__WHAT TO WORK ON__
For this exercise, repeat the records below exactly and omit every picture.
---------------
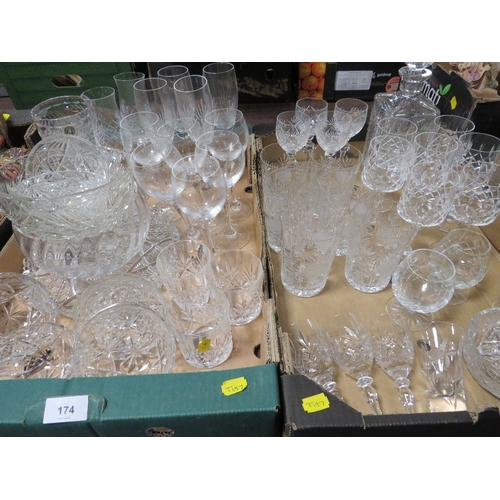 174 - Two trays of assorted cut glass etc to include drinking glasses, decanter etc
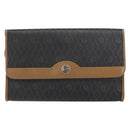 Christian Dior Honeycomb Canvas Chain Shoulder Bag PVC Black Gold Auth 158695-2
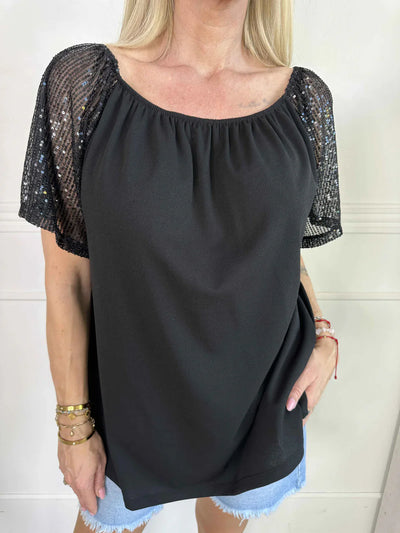 Lianora – Bluse mit Paillettenärmeln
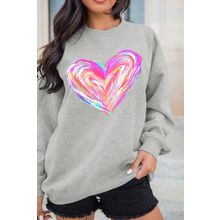 Gray Valentines Brushwork Heart Graphic Drop Shoulder Sweatshirt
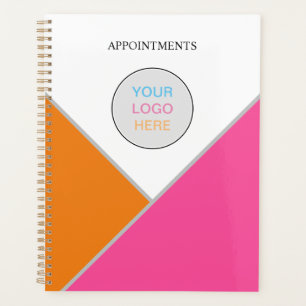 Add Your Logo Pink Grey Orange Appointment Book Planner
---------------
__TASK RESPONSE__
 174 - Two trays of assorted cut glass etc to include drinking glasses, decanter etc
 Christian Dior Honeycomb Canvas Chain Shoulder Bag PVC Black Gold Auth 158695-2
 Lianora – Bluse mit Paillettenärmeln
 Gray Valentines Brushwork Heart Graphic Drop Shoulder Sweatshirt
 Add Your Logo Pink Grey Orange Appointment Book Planner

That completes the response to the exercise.